All of this is necessary as well in order to enable the firm to move into potential new areas of the marketing arena, explains Fernandez:
"We think this upgrade to a much lower cost and more robust email infrastructures [is] particularly important in context of the rapidly declining market price points and margins we see for email.
"As we articulated in the past our strategy also includes pursuits for select strategic acquisitions in the highly fragmented marketing technology space. We continue to actively evaluate interesting opportunities, particularly the tuck-in nature which will be complementary to our platform strategy in current channels."
But what about all that fresh competition coming after the same business? Salesforce.com's ecosystem is tightly tied to Marketo's, but Salesforce.com now has its own marketing ambition. So too do Oracle and Adobe and Infor and more and more.
It's an increasingly crowded market sector - and one that's been characterised of late by merger and acquisition from providers with deep pockets.
So is there still room for a best-of-breed player like Marketo in a market sector where others increasingly play the integrated suite angle? Fernandez argues pedigree will out:
"Customers really do seem to be looking for the thought leader and the opinion leader and the innovator in the space and I think we are just clearly continuing to step [ahead] particularly as others maybe are distracted a little bit with that continuing pace of innovation.
"I don’t see customers necessarily looking to make a suite purchase as opposed to really looking for best-of-breed and knowing they can integrate together very effect in the cloud.
"We just have tremendous awareness [among] people that are choosing to want to do business with what we bring to the market.
"We are only in the early innings of the emergence at this marketing software category and I believe the immense size of this market and our position as a leader will service well for many years to come."
Verdict
Some nice numbers to make Wall Street happy from the people who really do own the marketing cloud - or at least the trademark!
In the whirlwind of recent cloud-related marketing mergers and acquisitions - with Neolone formally falling to Adobe just this week - Marketo has a strong message to deliver in terms of pedigree and longevity (or relative longevity at any rate).
The gathering CMO focus of so many applications players - most notably Salesforce.com - plays nicely to Marketo's own sweet spot and should leave it well positioned to deliver continuing success.
But I really would like to see a bit more bravado and noise from the firm. It's got that proven pedigree, it's got those cracking credentials - shout about them a bit more. Show the market that you're the thought leader in this space as you claim.
All through the various manoeuvrings and market repositioning from Oracle and Adobe and Salesforce.com et al, Marketo has remained bafflingly tight-lipped, missing out on opportunities to be position itself as a sector pioneer suddenly joined by newly acquired competitors.
In short, Marketo needs to make more noise to be heard above the din that the likes of Oracle and Adobe and Salesforce.com are making.

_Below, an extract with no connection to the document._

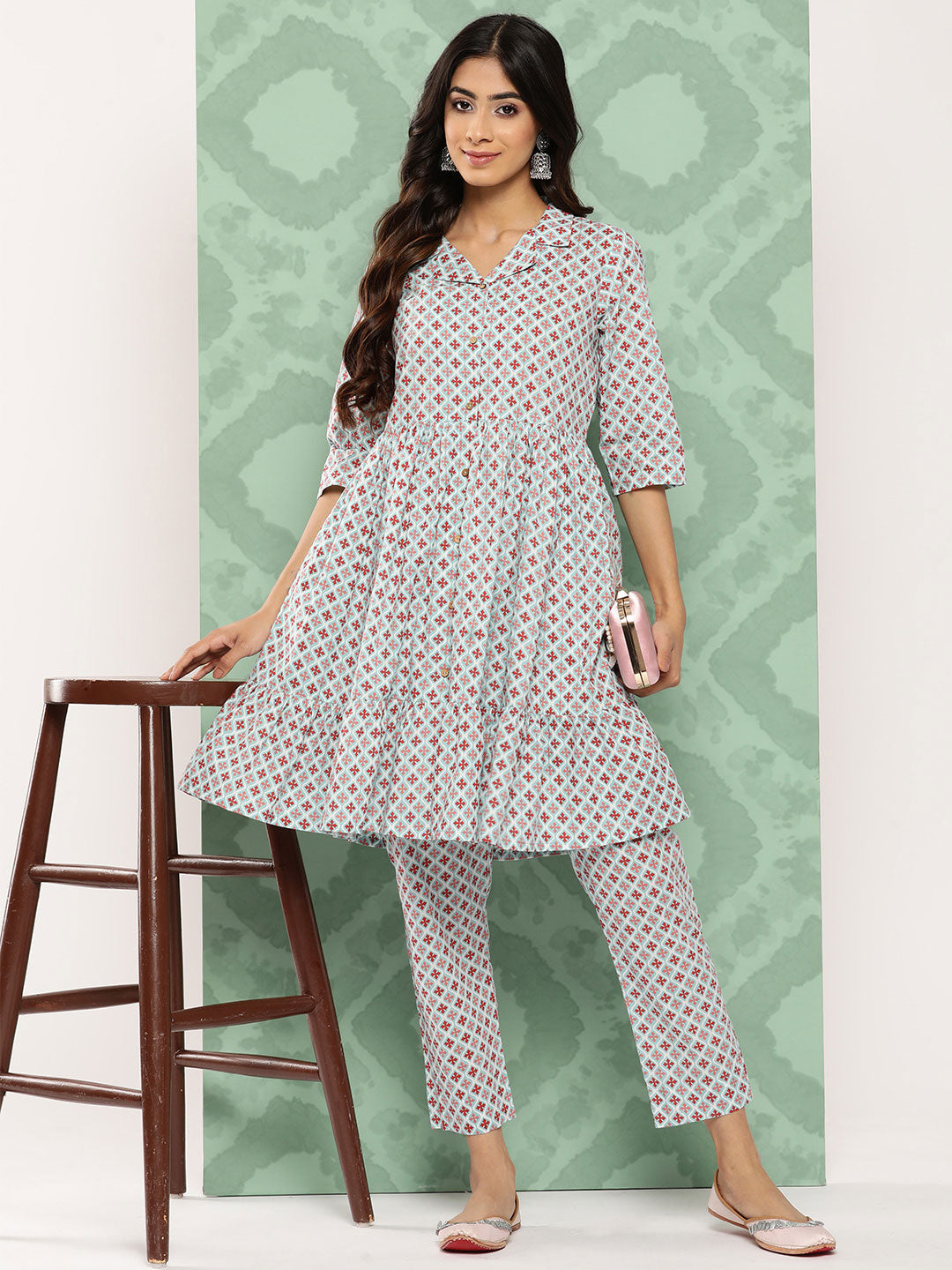 Janasya Women's Sky Blue Cotton Ethnic Motifs Gathered Casual Kurta Set | Swadesiicart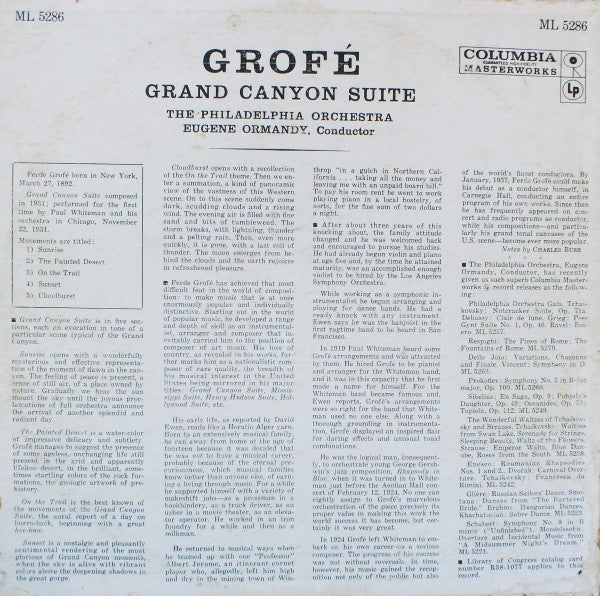 Grofé*, Eugene Ormandy / The Philadelphia Orchestra : Grand Canyon Suite (LP, Album, Mono, Pit)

The end result of silence is inevitably uncountered and unanswered speculation and scuttlebutt that Marketo itself will end up as a takeover target. ("When, not if," one sector analyst told me recently.) That can't be healthy long term, surely?
There's a big mindshare battle to be won here and Marketo needs to start punching above its weight a bit more. There's a cracking marketing story to be told here guys - tell it to us!
As the marketing cloud wars hot up, it's pertinent perhaps to recall that quality alone doesn't always win out - commentators still regard Ingres as the superior database product to earlier versions of Oracle, but Ingres failed to counter the Oracle sales and marketing onslaught.
Just worth bearing in mind perhaps?
Disclosure: at time of writing, Oracle and Salesforce.com are premium partners of diginomica.